When entering the variable and very higher environmental densities of say Cape buffalo and giraffe and elephant 1” thick tough skin, very tough and slippery tendons, very dense, convex shaped shoulder and 1" thick rib bones this attached shockwave is greatly intensified and wobbling is almost certain to ensue with immediate failure to penetrate. This phenomenon caused the original research and design by GS Custom Bullets in South Africa for the flat nose bullet which causes “super cavitation” to minimise the contact and drag force by the animal tissue on the bullet.

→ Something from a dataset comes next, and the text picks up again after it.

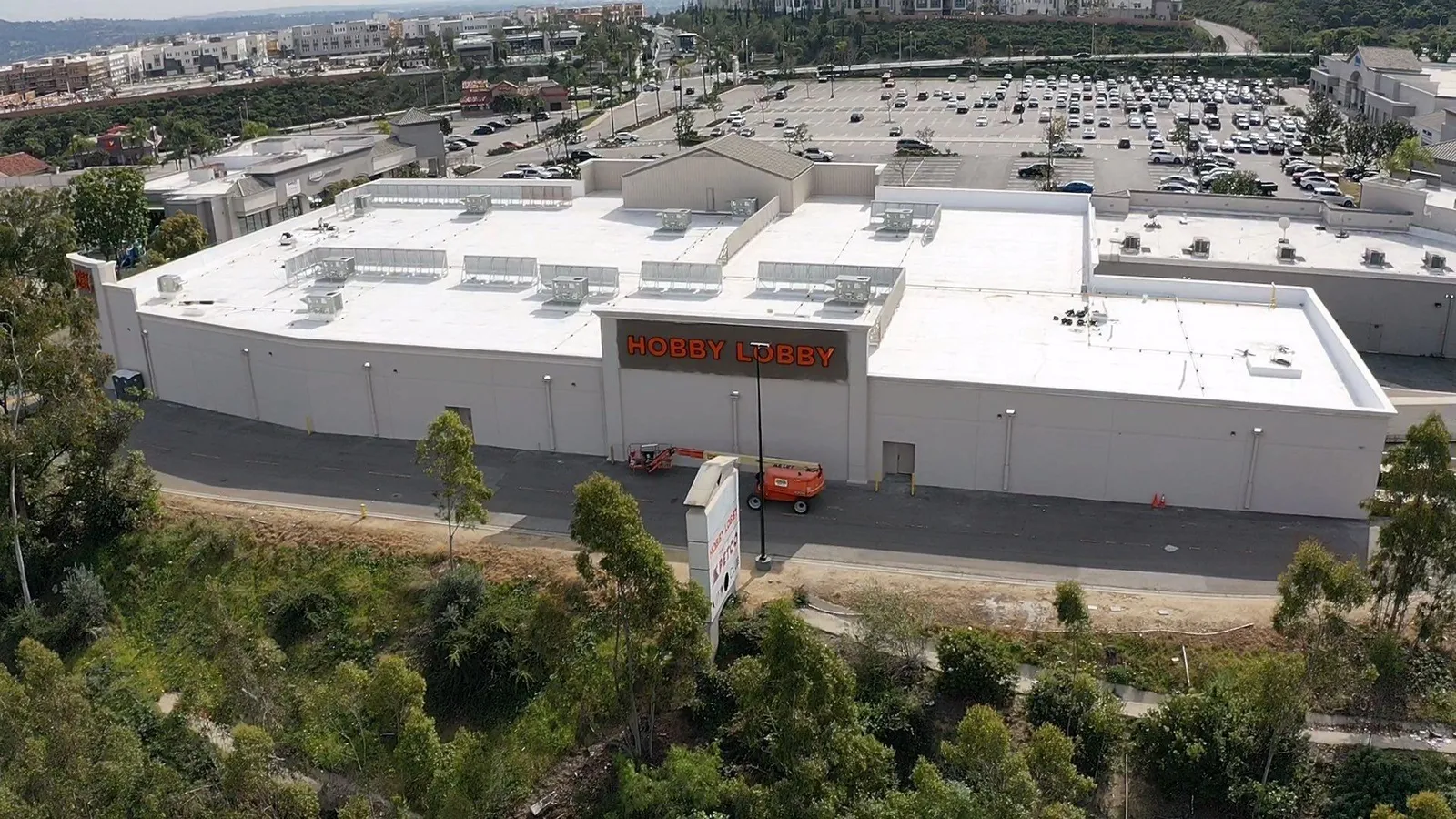 Drone view of a white single-ply roof on a Hobby Lobby retail building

This was taken up by Peregrine bullets, and the concept of a virtual flat nose also by Impala Bullets.
Another way for maintaining penetration stability on large soft skinned and soft boned animals is to have a bullet which is heavy in any particular calibre to combine a flat nose and pre-impact velocity below Mach 1.8. The highest mass for the calibre is required to still ensure a suitable impact impulse force per square millimetre frontal area at the low impact velocity of below Mach 1.8 to ensure both stability and retained penetration momentum in order to ensure mechanical breaking down of all the drag forces (skin, sinew, convex bone and flesh), and to reach and cut open the heart top chambers for a quick kill.
The above was the thinking behind my contention that the best calibre-bullet weight combination for the exceedingly dangerous little bushbuck hunted at short range in its dense, dark forest habitat would be a .358" flat nose calibre bullet of 270 gr with a muzzle velocity at nothing higher than 1,800 ft/sec (well below Mach 1.8) - and the reason to have a Marlin 30-30 rebarreled to a 30-30/.358".
Bushbuck have such exquisite meat and beautiful cape that one does not want to spoil any with a fast, expanding bullet.
The flat nose Peregrine / GS Custom / Rhino / Impala monolithic solids or solid shanks already make a 4x calibre permanent inside wound channel (calibre size entrance and exit holes in the skin) with zero meat damage and therefore may even be suitable for kudu out to 100 yards - but the 24" Marlin in this 30-30/.358" chambering will be a dedicated bushbuck rifle.